This dataset contains 16,895 training trajectories and 3,049 development trajectories, converted from the C2 teacher-first phase-aware v2 dataset. Each row has a messages list of {role, content, loss} objects, plus task, model, provenance, and sampling metadata.

The source is public Albedo evaluation artifacts with teacher, king, and challenger trajectories. The data was selected by the existing C2 quality policy; this export only changes the schema.
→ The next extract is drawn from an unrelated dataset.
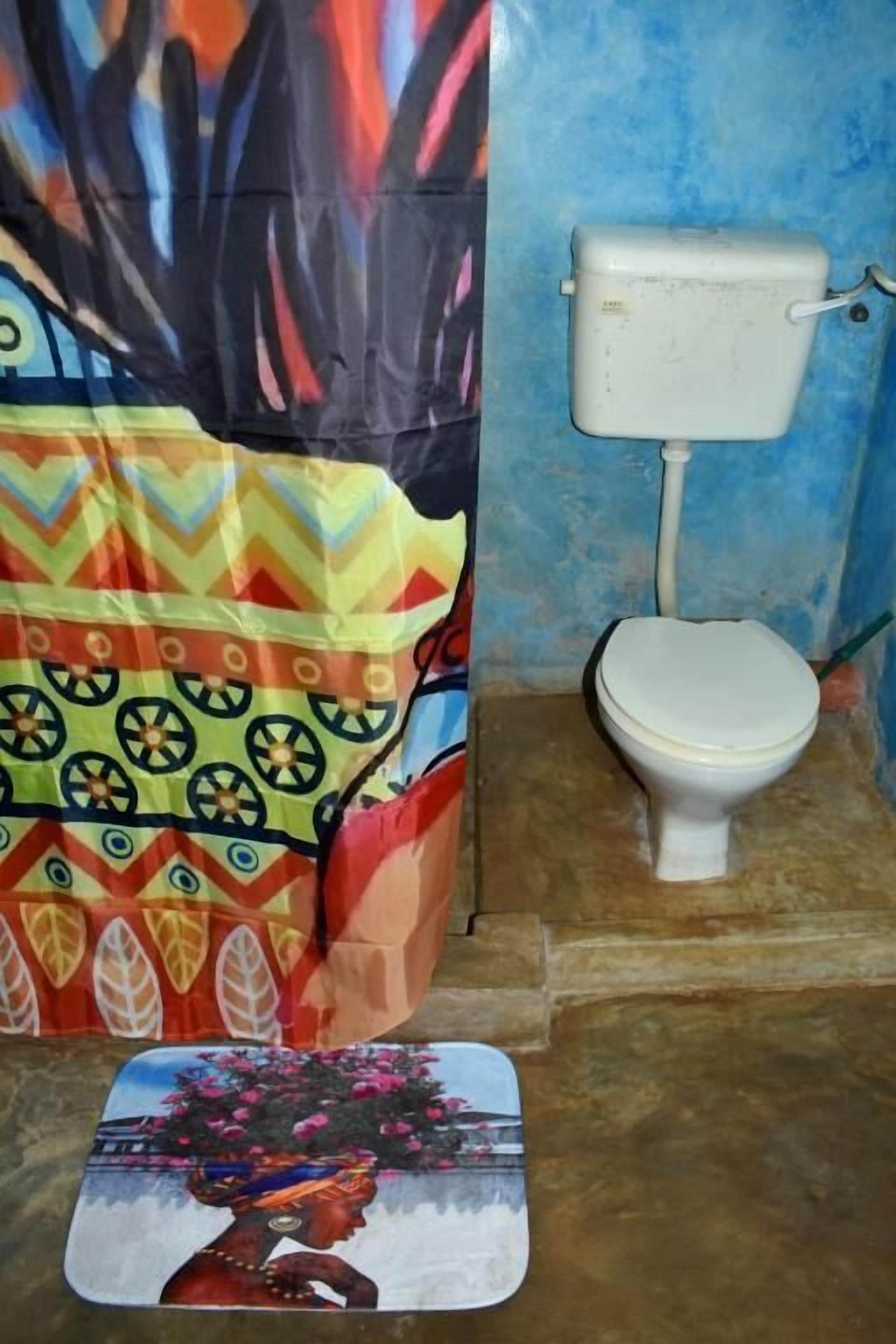 A bathroom with a white toilet, a colorful shower curtain, and a decorative mat.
The role/content schema was compared with vuhaian/32k_maxlift at revision 5069fbc622fa99f0bdc6ccffe30d76fa6d560b61. No examples from that dataset were added.

Load

from datasets import load_dataset

ds = load_dataset("vinhable/albedo-c2-messages", token=True)
train = ds["train"]
dev = ds["validation"]

Supervision

  • messages[].loss=true: assistant continuation after the original cut point.
  • messages[].loss=false: prefix, system, user, and environment/tool observations.
  • completion_start: message index where the continuation begins.
  • cut_point: original evaluator coordinate, not necessarily a message index.

The trainer must translate message loss flags into token labels, masking excluded tokens and padding with -100. Ordinary assistant-only loss is insufficient because the prefix also contains assistant messages. Last-response-only loss would discard intermediate continuation targets. Role names and observation strings are preserved as recorded in the original artifacts.

Sampling

train-plan.message-loss.jsonl is metadata, not a dataset split. It preserves the original C2 weighted epoch plan: 16,895 slots referencing 14,749 unique training trajectories. Use its one-based line fields to select training rows in epoch_slot order. Apply the plan once; do not also apply sampling weights to those sampled rows. Uniformly training all rows is a different recipe. The development split is task-disjoint from training.

Verification and scope

Every exported row was compared with its source for identical roles, content, supervision, and ordering. Task separation and sampling-plan identities were checked. summary.json records source and output SHA-256 hashes, row counts, and validation results.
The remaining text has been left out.